A coordenadora do Cofen conta que essas doses que sobravam criaram um problema no país, quando criou-se em alguns municípios a “xepa da vacina”, permitindo que pessoas fora dos grupos prioritários furassem a fila.
Viviane Camargo explica que a perda é esperada e depende da habilidade do profissional na aspiração ao medir os 0,5 ml, assim como também é normal a 11ª aplicação, desde que ela só ocorra com sobras do mesmo recipiente. “Jamais pode-se aproveitar dois frascos. Não é uma possibilidade. As vacinas possuem lotes diferentes e essa prática é incogitável.”
Ana Paula Burian, diretora da SBIm-ES (Sociedade Brasileira de Imunizações, regional Espirito Santo), acrescenta que profissionais que não conseguem retirar as doses prometidas no frasco precisam retratar o problema. “Sempre que há qualquer quantidade menor, abre-se uma apuração e esse lote é investigado”, diz.
Ela pede que a população entenda que a aspiração das doses precisa ser um trabalho meticuloso e às vezes lento. “Por isso é preciso tolerância e paciência quando se aguarda a vez na hora da vacinação. Só com cuidado se reduzem as perdas.”
O que dizem Butantan e Fiocruz
O Instituto Butantan explica que as ampolas vêm com 0,7 ml a mais para evitar que pequenas falhas comprometam as dez doses.
“É importante que os profissionais de saúde estejam capacitados para aspiração correta de cada frasco-ampola, além de usar seringas e agulhas adequadas, para não haver desperdício.”
De acordo com o Butantan, “todas as notificações recebidas pelo instituto até o momento relatando suposto rendimento menor das ampolas foram devidamente investigadas, e identificou-se, em todos os casos, prática incorreta na extração das doses nos serviços de vacinação”.
“Portanto, não se trata de falha nos processos de produção ou liberação dos lotes pelo Butantan”, reforça a nota.
O Butantan orienta os aplicadores a usarem as doses extras se forem possíveis. Mas “é essencial que tais profissionais sigam as orientações e práticas adequadas, no intuito de evitar perdas durante a aspiração da vacina”.
Explica ainda que seringas de volumes superiores (3 ml, 5ml, por exemplo), podem gerar dificuldades técnicas para visualizar o volume aspirado, “uma vez que podem não ter as graduações necessárias”.

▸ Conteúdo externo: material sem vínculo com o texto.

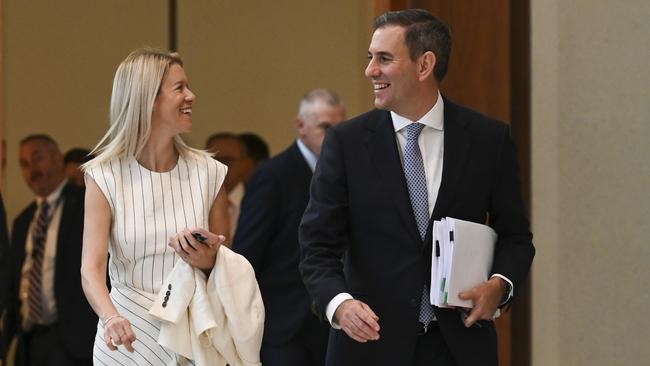 The Treasurer with wife Laura on Wednesday. Picture: NCA NewsWire / Martin Ollman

“Outro fator decisivo é a posição correta do frasco e da seringa no momento da aspiração.”
A Fiocruz, por sua vez, informa que a vacina contra a covid-19 produzida por Bio-Manguinhos e disponibilizada ao PNI (Programa Nacional de Imunização) segue rígido processo de qualidade.
“Após o envasamento e lacre do frasco, o lote é submetido a 100% de inspeção visual automática que, entre outros parâmetros, avalia o volume de cada frasco.”
A vacina da Fiocruz/Bio-Manguinhos vem em frascos com 5 doses para administração de 0,5ml em cada pessoa.
“Aos 2,5 ml necessários para a administração das 5 doses é adicionado 0,8 ml a título de segurança, perfazendo um total de 3,3 ml por frasco”, esclarece a Fiocruz.